THE TASK :: Please give back, word for word, only the lines starting at the one containing "Dream Tree Building" and ending at the one containing "Pillar greek column Free low-poly 3D model_2" within the material below.

RECORDED DATA ::

--- START ---

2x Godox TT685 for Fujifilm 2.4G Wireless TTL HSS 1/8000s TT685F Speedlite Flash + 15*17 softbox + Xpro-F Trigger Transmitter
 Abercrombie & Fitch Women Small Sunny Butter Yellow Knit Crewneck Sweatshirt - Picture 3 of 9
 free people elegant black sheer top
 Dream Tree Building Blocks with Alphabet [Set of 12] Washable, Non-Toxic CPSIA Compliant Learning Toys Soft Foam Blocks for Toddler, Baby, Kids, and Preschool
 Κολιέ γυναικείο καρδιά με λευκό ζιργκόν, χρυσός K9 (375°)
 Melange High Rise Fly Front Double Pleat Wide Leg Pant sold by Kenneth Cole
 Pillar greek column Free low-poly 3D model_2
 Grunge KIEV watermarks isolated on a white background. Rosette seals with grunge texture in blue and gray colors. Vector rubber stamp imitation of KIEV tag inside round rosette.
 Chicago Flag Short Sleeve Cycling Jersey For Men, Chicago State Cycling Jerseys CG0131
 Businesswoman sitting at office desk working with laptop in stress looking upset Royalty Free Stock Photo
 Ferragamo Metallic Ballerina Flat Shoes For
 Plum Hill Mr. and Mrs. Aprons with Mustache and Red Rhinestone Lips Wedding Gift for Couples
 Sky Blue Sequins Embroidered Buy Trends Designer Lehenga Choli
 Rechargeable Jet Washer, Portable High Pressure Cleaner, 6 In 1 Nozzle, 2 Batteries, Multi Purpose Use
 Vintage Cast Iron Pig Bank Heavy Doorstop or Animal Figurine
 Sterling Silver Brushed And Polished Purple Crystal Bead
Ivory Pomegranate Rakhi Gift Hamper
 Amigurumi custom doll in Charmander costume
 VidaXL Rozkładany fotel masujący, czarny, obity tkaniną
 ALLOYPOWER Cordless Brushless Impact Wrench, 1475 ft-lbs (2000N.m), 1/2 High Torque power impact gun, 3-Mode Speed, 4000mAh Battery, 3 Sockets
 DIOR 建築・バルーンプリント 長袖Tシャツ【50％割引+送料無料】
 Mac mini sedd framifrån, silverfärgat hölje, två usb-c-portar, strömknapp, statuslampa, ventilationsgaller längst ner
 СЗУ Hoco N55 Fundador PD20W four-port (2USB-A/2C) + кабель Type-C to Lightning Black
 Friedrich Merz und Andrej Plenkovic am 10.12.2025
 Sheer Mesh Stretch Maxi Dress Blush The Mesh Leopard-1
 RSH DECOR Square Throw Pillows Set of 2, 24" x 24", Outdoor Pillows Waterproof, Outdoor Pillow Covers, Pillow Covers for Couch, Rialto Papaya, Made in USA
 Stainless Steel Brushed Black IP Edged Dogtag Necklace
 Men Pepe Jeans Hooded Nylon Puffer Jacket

--- END ---

RESULT OF THE EXERCISE ::
 Dream Tree Building Blocks with Alphabet [Set of 12] Washable, Non-Toxic CPSIA Compliant Learning Toys Soft Foam Blocks for Toddler, Baby, Kids, and Preschool
 Κολιέ γυναικείο καρδιά με λευκό ζιργκόν, χρυσός K9 (375°)
 Melange High Rise Fly Front Double Pleat Wide Leg Pant sold by Kenneth Cole
 Pillar greek column Free low-poly 3D model_2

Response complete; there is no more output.